I think (finally) this transition is happening faster than you think. Akamai has doubled it's IPv6 traffic the last 6 months. Currently countries like Germany and Switzerland is having a double digit percentage of residential traffic on IPv6. If this trend continues it will not make sense to employ expensive and degrading technology to support the minority of important services that insist on staying IPv4 only.
 
I think (finally) this transition is happening faster than you think. Akamai has doubled it's IPv6 traffic the last 6 months. Currently countries like Germany and Switzerland is having a double digit percentage of residential traffic on IPv6. If this trend continues it will not make sense to employ expensive and degrading technology to support the minority of important services that insist on staying IPv4 only.

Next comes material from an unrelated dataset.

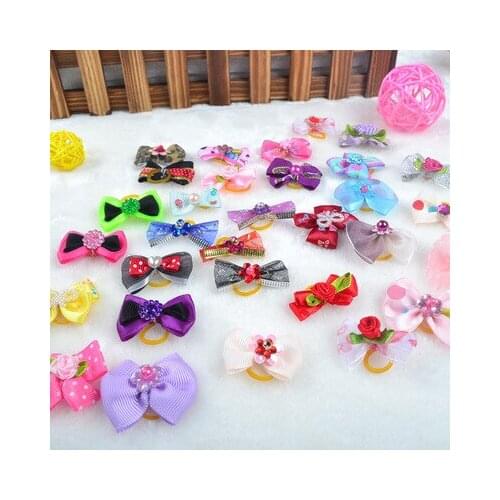 Pet Headdress Pet Hair Accessories Dog Bow Head Rubber Band Special Double Bow Decorations Manufacturer Direct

Old protocols don't suddenly go away. I still support and install X.25 networks. X.25 has been around since at least 1976. A few months ago I installed a bunch of new X.25 equipment in Houston and Dallas because nobody would pay project costs associated with upgrading to IPv4! This is in a huge company with massive budgets, and the X.25 connections themselves handle millions of dollars worth of financial transactions every day. The business that owns these connections doesn't care how they work or how difficult they have become to support. They only see the bottom line.

Akamai is widely used by content publishers, and by making themselves IPv6-enabled, they have made it easy for publishers to serve content over IPv6 without the publishers upgrading any of their own servers to IPv6. Cloudflare has just IPv6-enabled ALL of their customers. This is great progress, but this kind of surge in traffic points more toward increased consumer IPv6 availability, mostly on wireless networks.

I'm a geek, I've played with IPv6 for many years, and I've enabled it on my personal networks and a few websites. Nobody is rooting for it more than I am. For most people, though, IPv4 works well enough, even with multiple NATs. Unless you're in the business of providing hosting/network services, moving to IPv6 will not enhance your bottom line, but quite the opposite.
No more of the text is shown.